***** Dataset extract

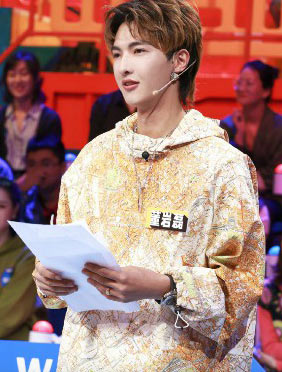 <b>董岩磊《奇葩说5》助阵君越战队 臧鸿飞意外淘汰 </b>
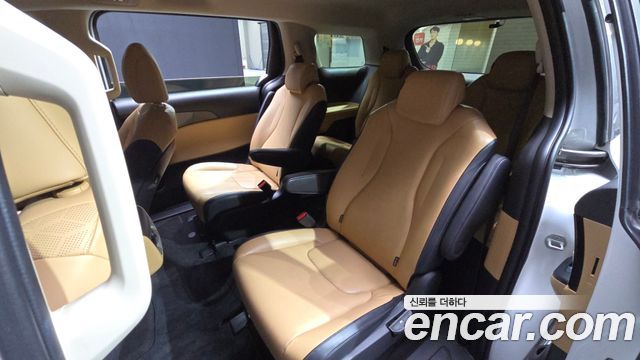 Kia Carnival (IV) Diesel 9-Seater Prestige 2023 — фото 12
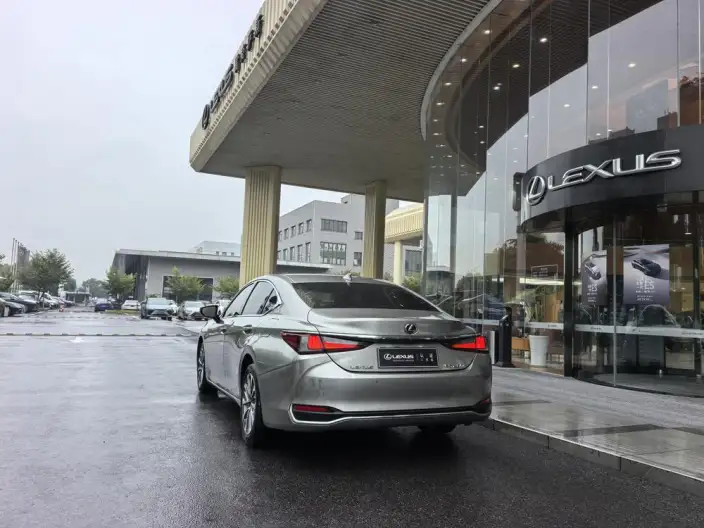Lexus ES 2022 Model 200 Superior Edition – фото 5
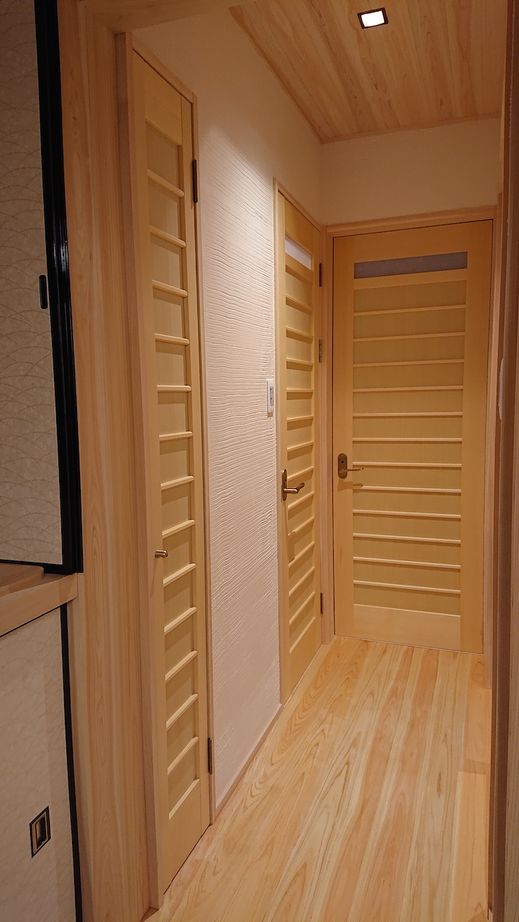 タクミ建設 現代の暮らしにもしっかり配慮。京都府産の木と伝統的な和の設えで京町家を再現した出格子や坪庭が魅力の家の建築実例画像6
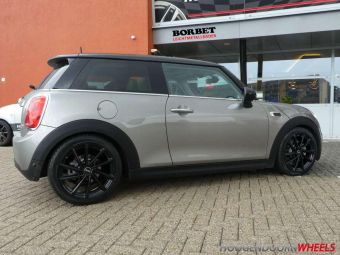 BORBET VELGEN V GLANS ZWART GEMONTEERD IN 17 INCH MET WINTERBANDEN ONDER EEN MINI INCL TPMS SENSOREN 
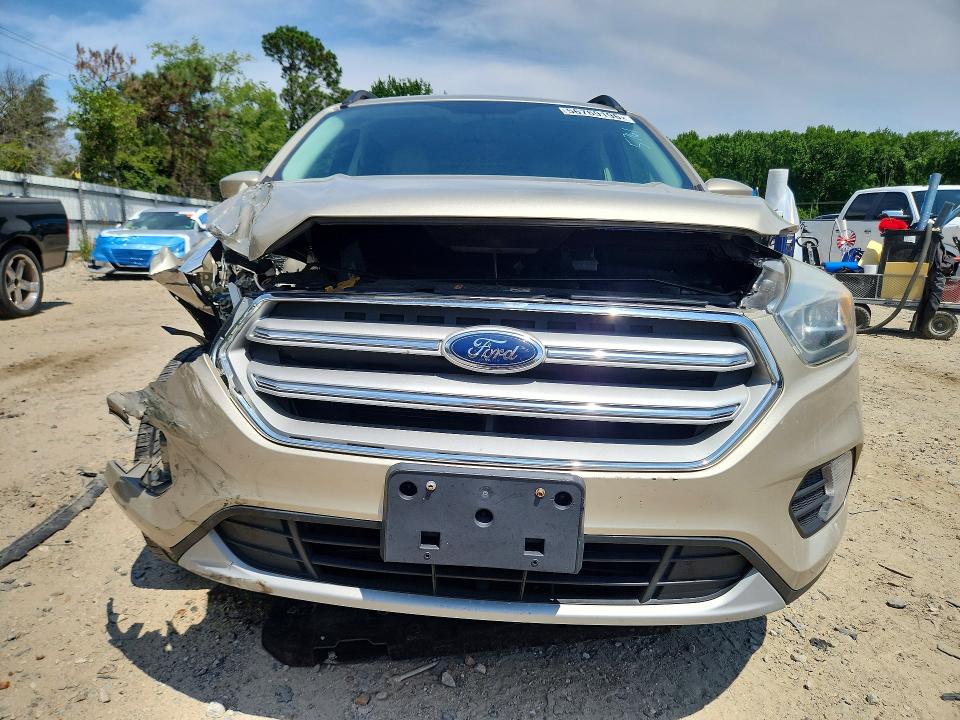 2018 Ford Escape მანქანა იყიდება აუქციონზე, vin: 1FMCU0HD9JUB05912, აუქციონის ნომერი: 56769196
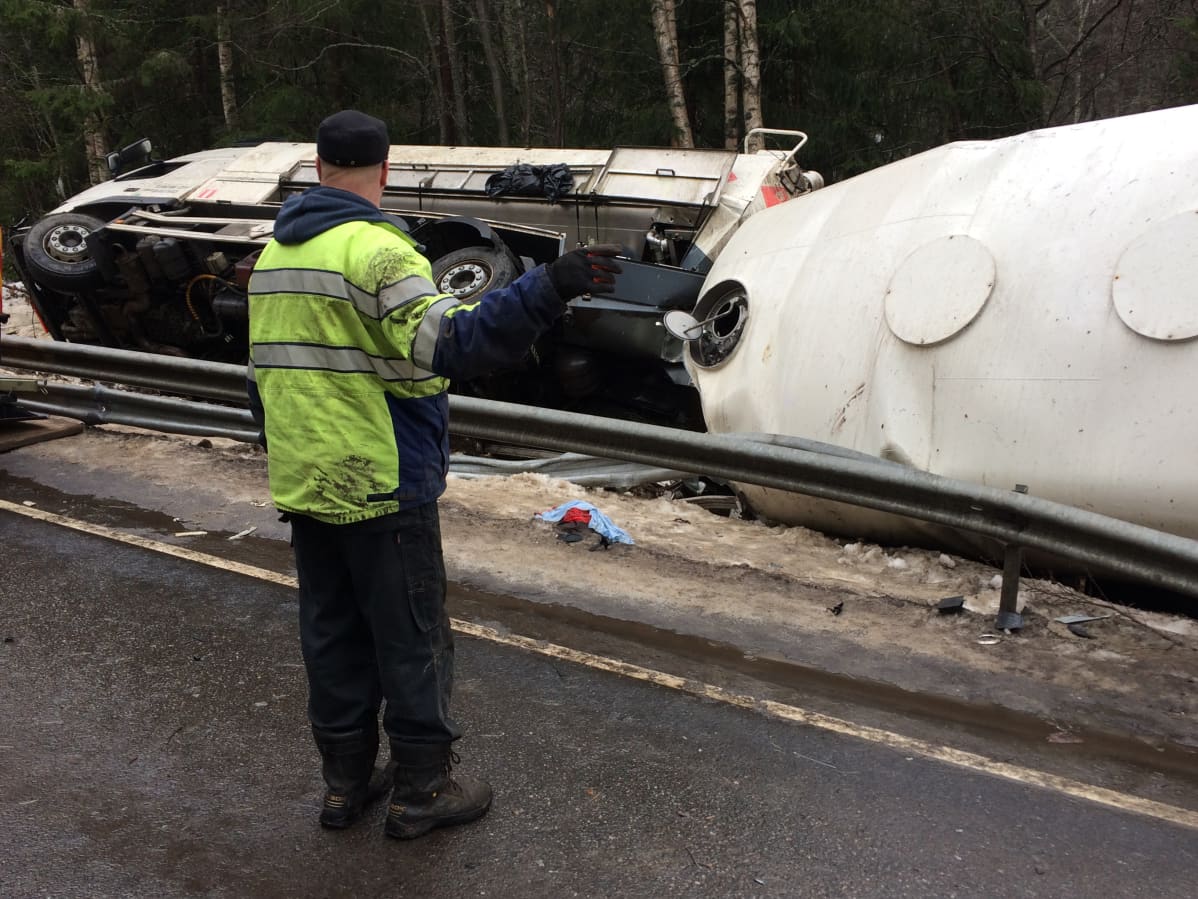 Säiliöauto ojassa Perniössä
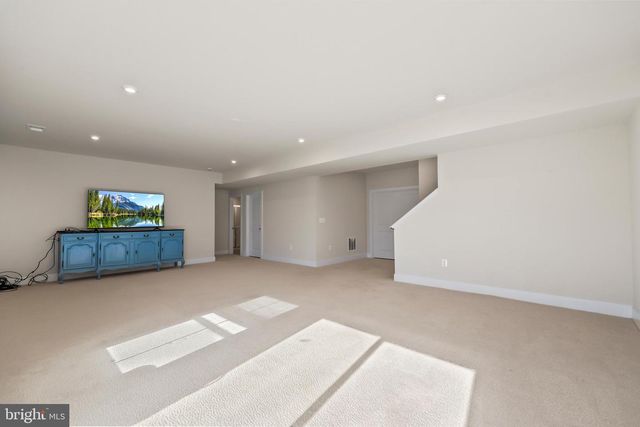 18126 MARSH PINE RD, Dumfries, VA 22026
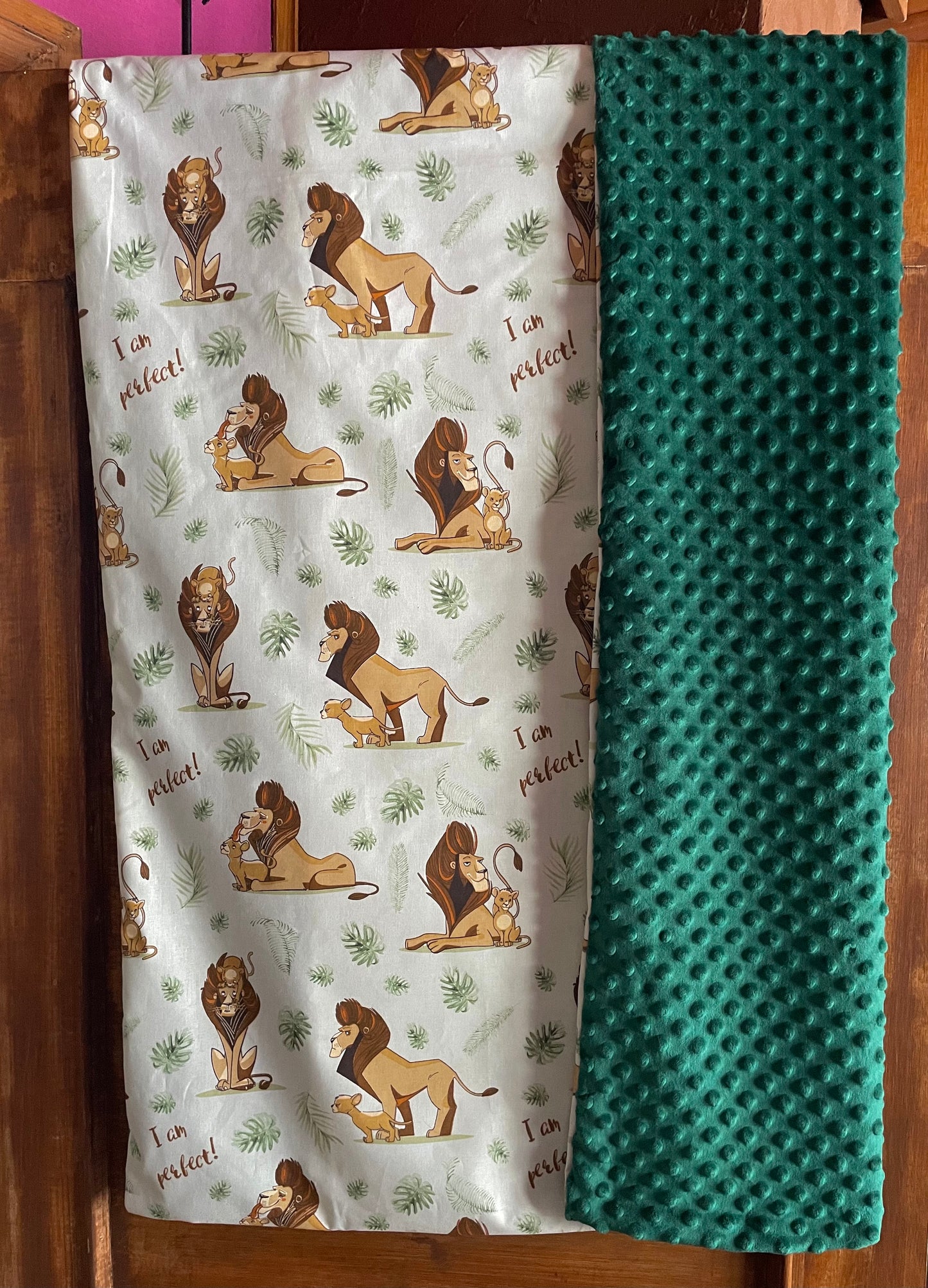 Coffret cadeau Body bébé Lion le futur roi avec couverture Minky assortie l Draps de lit imperméables Coffret cadeau baby shower en boîte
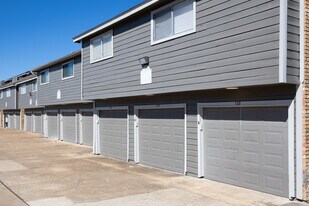 Willow Run Townhomes in Houston, TX - Building Photo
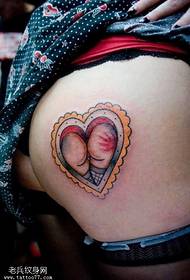 kalp şeklinde boyalı küçük grafik dövme deseni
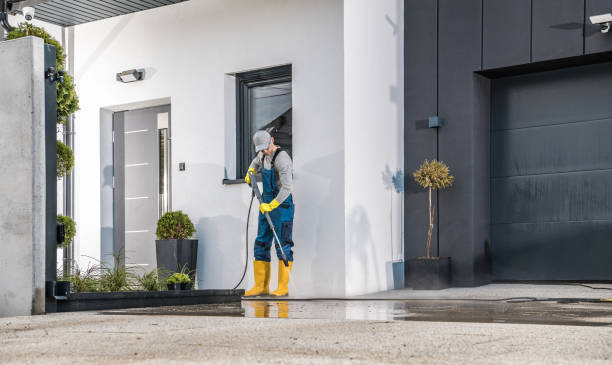 Best Dumpster Area Cleaning  in Indnola, IA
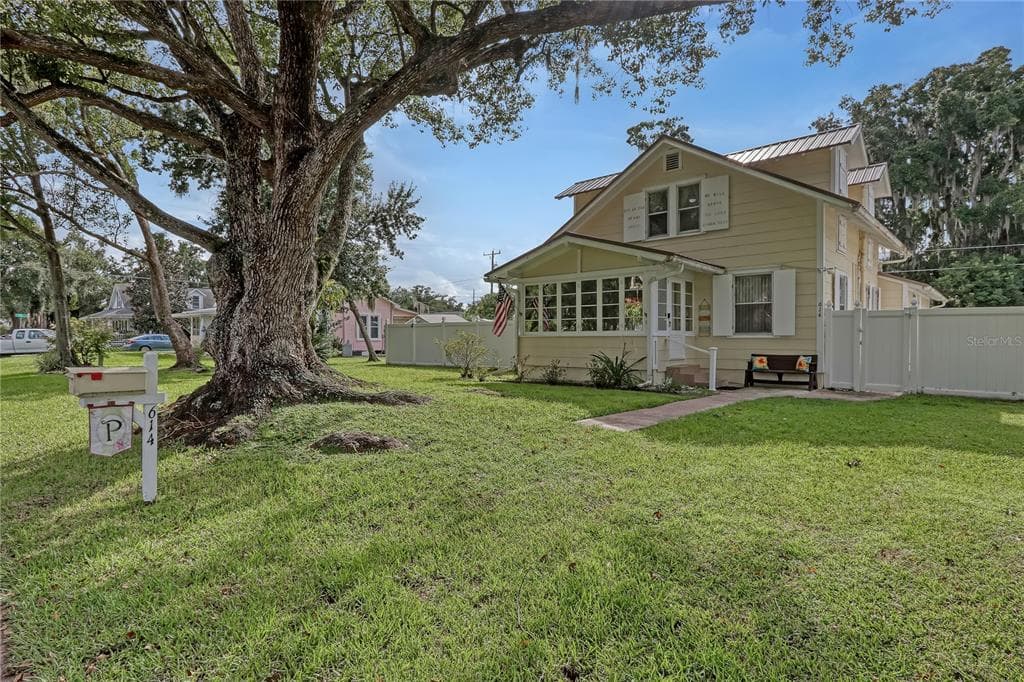 614 CONNECTICUT AVENUE ST CLOUD, FL 34769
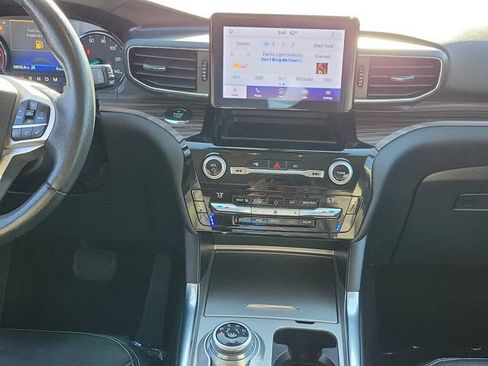 Certified 2021 Ford Explorer Limited w/ Equipment Group 301A image 23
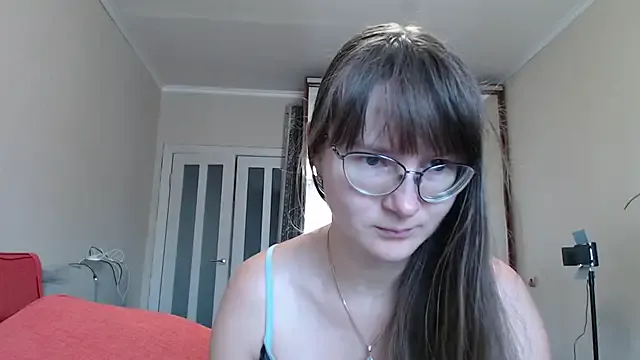 maataaan – webcam model profile photo Image 16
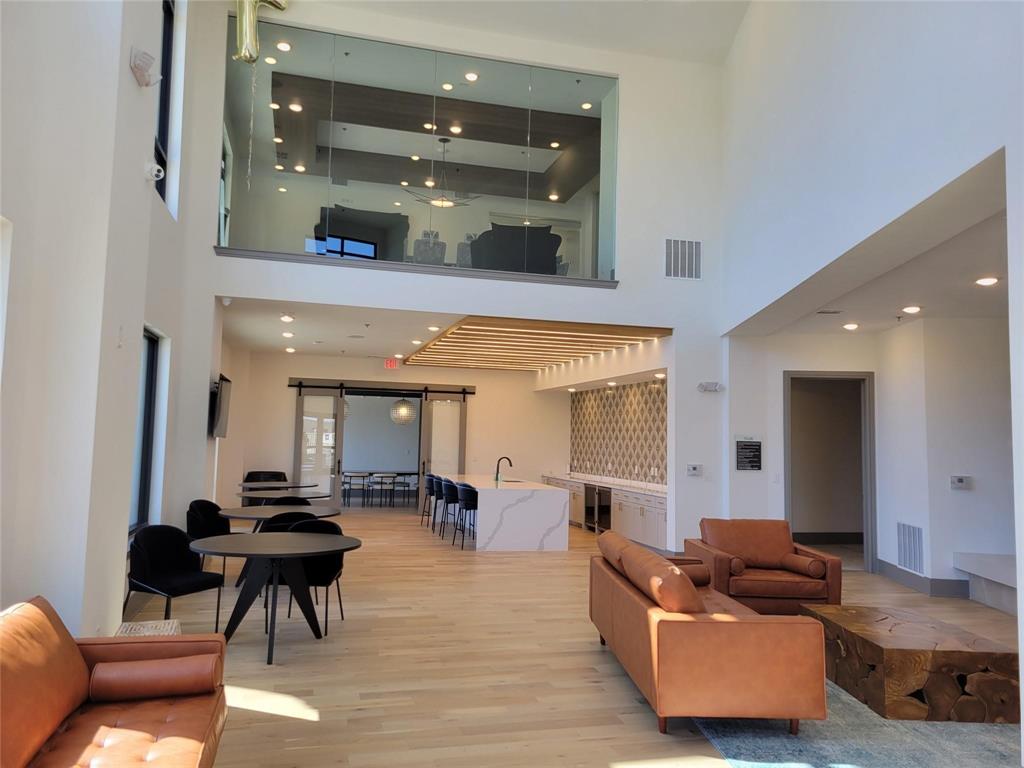 View Residential Condo - Residential Lease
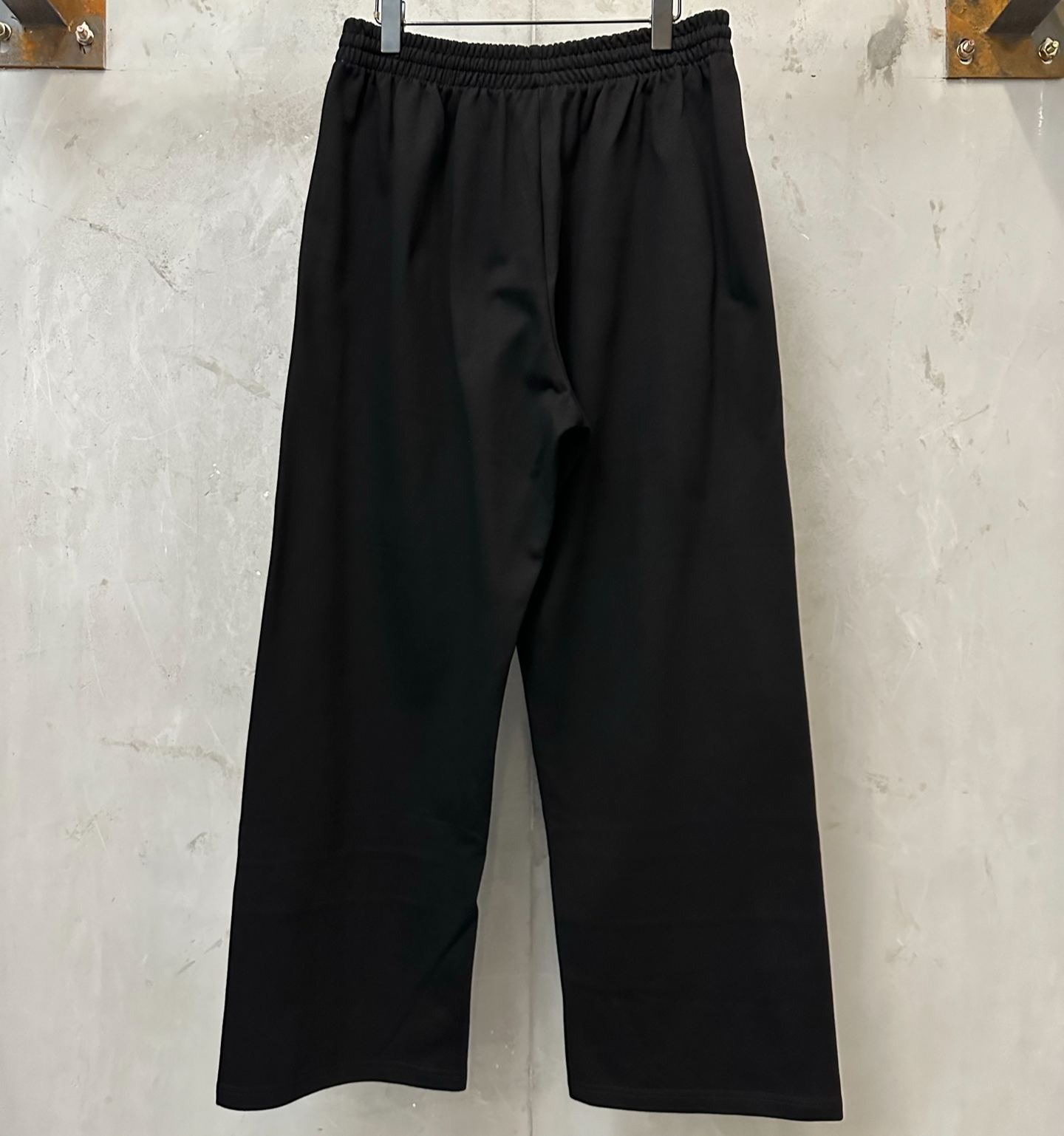BALENCIAGA Men's Bodies Baggy Sweatpants in Black（871496TUVQ51000）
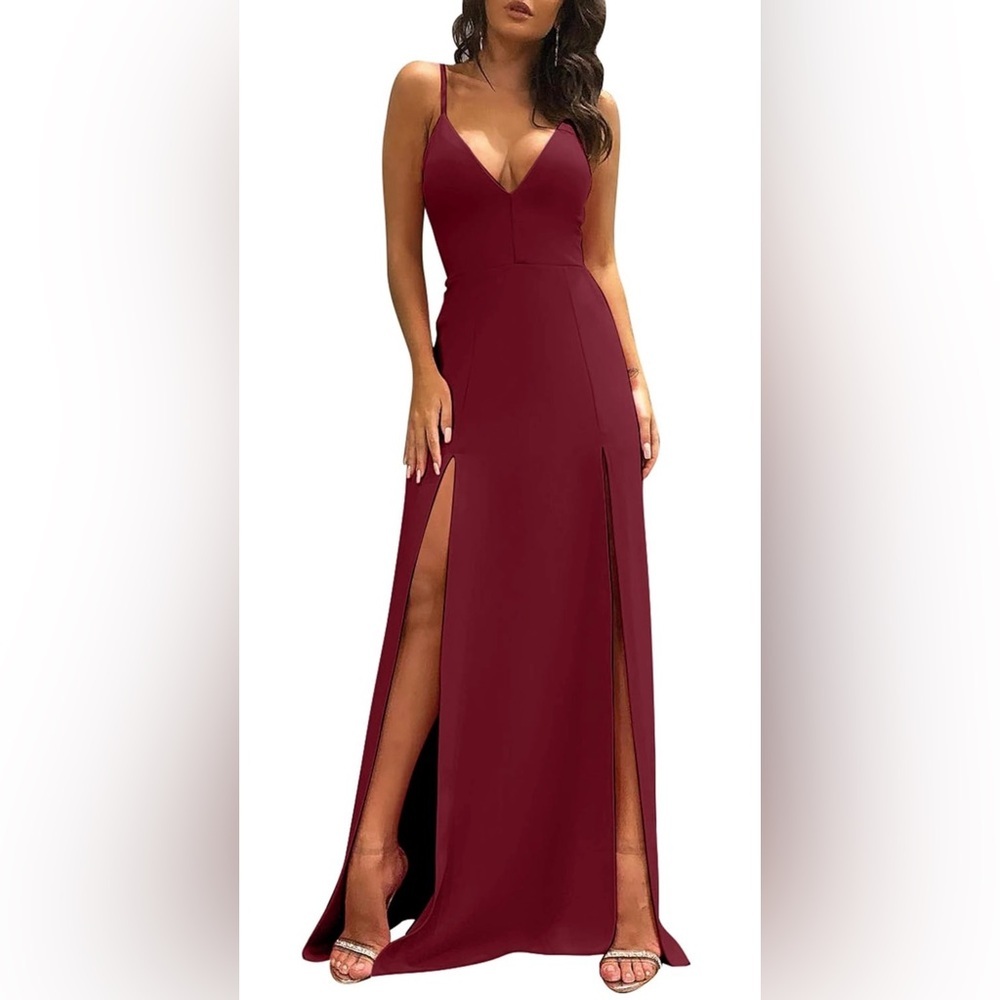 TOB (Amazon brand) Red Elegant Evening Gown NWT Small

**********

Locate "maataaan – webcam" in the listing above, then print exactly the lines from that line through the final one, omitting all pictures.

 maataaan – webcam model profile photo Image 16
 View Residential Condo - Residential Lease
BALENCIAGA Men's Bodies Baggy Sweatpants in Black（871496TUVQ51000）
 TOB (Amazon brand) Red Elegant Evening Gown NWT Small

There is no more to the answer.